In the copy, every line of the material that follows must appear exactly, and no pictures should.

Segment Start: Recorded information

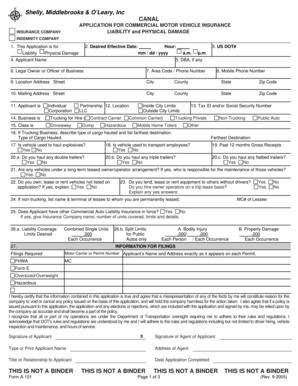 Commercial Motor Vehicle Insurance Application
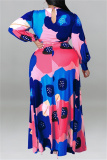 Orange Floral Print O Neck Long Sleeve Belted Casual Loose Vacation Plus Size Maxi Dresses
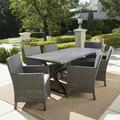 Blair Outdoor 7 Piece Dining Set with Dining Table and Water Resistant Cushions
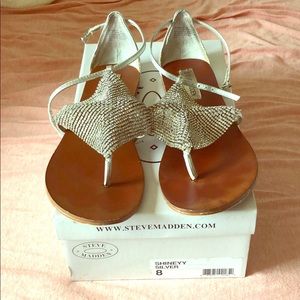 Steve Madden Shiney Silver Sandals!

Segment End: Recorded information

Response below =>
 Commercial Motor Vehicle Insurance Application
 Orange Floral Print O Neck Long Sleeve Belted Casual Loose Vacation Plus Size Maxi Dresses
 Blair Outdoor 7 Piece Dining Set with Dining Table and Water Resistant Cushions
 Steve Madden Shiney Silver Sandals!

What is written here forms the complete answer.